Top three worst names ever in automotive engineering
3. COOLANT
The coolant in your radiator - the red stuff, the green stuff … it’s not there to assist the cooling. In fact, water on its own would do a better job just cooling your engine. The most common so-called coolant is ethylene glycol - the green stuff. (The green is fake - it’s just a dye.)
Ethylene glycol has lots of interesting properties, but carrying heat from your engine is not, frankly, one of them. It’s only about half as good as water at doing that.
Water is the commonest heavy hitter of heat transport. A technically cognizant person (every mechanical engineer on the planet) knows the specific heat capacity of water: it takes 4.18 kilojoules of energy to heat one kilo of water by just one degree C.

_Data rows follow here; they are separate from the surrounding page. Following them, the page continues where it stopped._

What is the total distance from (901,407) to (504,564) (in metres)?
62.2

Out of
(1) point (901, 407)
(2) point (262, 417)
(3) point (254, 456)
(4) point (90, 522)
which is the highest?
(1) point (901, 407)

Allow me to translate for the non-cognoscenti: water is effing hard to heat up. It takes a shitload of heat to warm water up just a bit. Therefore, it’s the perfect fluid for moving heat away from something (like a hot engine) and into a radiator, where that heat can be rejected into the air.
When you mix ethylene glycol with water about 50:50 you actually reduce the ability of the liquid blend to carry heat away from the engine by about 25 per cent. The main reason for adding it is to drop the freezing point and raise the boiling point.

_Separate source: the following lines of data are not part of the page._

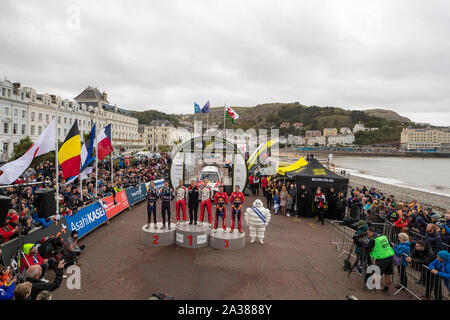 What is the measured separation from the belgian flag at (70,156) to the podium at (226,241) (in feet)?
18.9

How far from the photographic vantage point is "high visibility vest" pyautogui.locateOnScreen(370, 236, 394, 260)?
20.8 ft

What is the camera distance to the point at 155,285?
6570 mm

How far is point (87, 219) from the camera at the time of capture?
10.2m

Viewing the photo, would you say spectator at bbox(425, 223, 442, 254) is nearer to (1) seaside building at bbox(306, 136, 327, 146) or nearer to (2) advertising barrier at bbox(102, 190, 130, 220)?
(2) advertising barrier at bbox(102, 190, 130, 220)

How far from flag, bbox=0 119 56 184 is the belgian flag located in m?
0.67

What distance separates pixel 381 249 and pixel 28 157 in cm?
1035

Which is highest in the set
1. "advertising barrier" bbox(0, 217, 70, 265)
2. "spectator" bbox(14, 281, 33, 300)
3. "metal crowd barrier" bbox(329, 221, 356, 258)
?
"spectator" bbox(14, 281, 33, 300)

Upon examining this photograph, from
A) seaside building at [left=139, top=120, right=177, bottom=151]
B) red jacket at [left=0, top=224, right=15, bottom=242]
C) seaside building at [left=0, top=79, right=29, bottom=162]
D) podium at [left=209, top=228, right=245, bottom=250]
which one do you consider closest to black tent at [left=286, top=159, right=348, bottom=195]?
podium at [left=209, top=228, right=245, bottom=250]

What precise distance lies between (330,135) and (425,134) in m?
56.6

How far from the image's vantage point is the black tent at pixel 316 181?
13312mm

That same 50:50 ethylene glycol and water mix freezes at about -37 degrees C - and it’s really good if the water in the cooling system doesn’t freeze - because it expands when it does and that often breaks expensive components from within, as well as rendering the car undriveable. So that’s bad.

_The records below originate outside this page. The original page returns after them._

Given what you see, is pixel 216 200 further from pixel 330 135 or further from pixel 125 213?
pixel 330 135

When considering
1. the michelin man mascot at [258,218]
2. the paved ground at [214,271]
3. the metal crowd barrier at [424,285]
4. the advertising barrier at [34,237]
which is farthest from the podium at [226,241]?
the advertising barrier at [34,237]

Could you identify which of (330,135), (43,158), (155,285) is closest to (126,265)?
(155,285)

As a side benefit, together with pressurising the cooling system, a 50:50 mix of ethylene glycol in water, together with 15 PSI of pressurisation raises the boiling point - to almost 130 degrees C. It’s kinda bad if the coolant boils in the engine - it leads to a generalised class of failures fairly categorised as ‘catastrophic’.
The other chemicals in the so-called coolant also have nothing whatever to do with cooling - it’s all about the lubrication (of the water pump) plus corrosion inhibitors for the engine.
2. RADIATOR
I know: What’s he got against cooling systems? Nothing. I love me a good heat exchanger. Everything from cars to nuclear power stations use them. It’s just that radiators do not cool your engine by radiating. They’d be different if that’s how they really worked.
Heat transfer for dummies. Heat is like water - it flows. Water flows from high to low heights. Heat flows from high temperature to low temperature.
There are three mechanisms for for that flow: conduction, convection and radiation. Conduction is mainly about heat transfer in solids.
Convection is all about losing heat into a fluid (pro tip: fluids are liquids and gasses).
Radiation is like: You’re sitting in front of a fire. It feels warm because: Radiation.
When you look at a so-called radiator, you can tell instantly that it’s not designed to radiate - if you’re scientifically literate. For starters - it’s up the pointy end of the car, and they hacked a big hole in the front of it to facilitate airflow. That’s a big hint.
Anything involving airflow and cooling is about convection. If radiators actually rejected sufficient heat by radiating, they wouldn’t need the big hole in the front of the car. The sun doesn’t need any air to radiate its heat 150 million kilometres to earth.
If so-called radiators actually radiated effectively, they would not need fans (the fans are only there to maintain airflow when you stop in traffic). They serve no other purpose.
1. SHOCK ABSORBER
If ‘Shock Absorber’ is not the worst name in all of automotive engineering, I don’t know what is. You think about it - you drive over a pothole: the suspension droops into the hole, then the leading edge of the wheel and tyre crash into the ridge on the far side of the pothole.
The tyre compresses, then so does the spring. These are the devices that are absorbing the shock. If it’s a big pothole and you hit it hard enough, the suspension will hit the bump stop and the rubber pad there will also attempt to absorb the shock.
If it’s a really big pothole and you hit it sufficiently hard, you might also bend or break the wheel - that’ll help absorb the shock. (But it’s probably not that helpful overall…)
The one thing that does not help absorb the shock is a so-called shock absorber (which is really a vibration damper - hence the more correct name: the damper).
So-called shock absorbers are really there to smooth out the subsequent unhelpfully bouncy response of the spring - they don’t really do very much primary absorption of shocks.
The salient difference between springs and dampers: Springs push back with a force that’s related to their displacement - dumbing this right down: how hard they push is based on how far they’re compressed or how far they’re extended.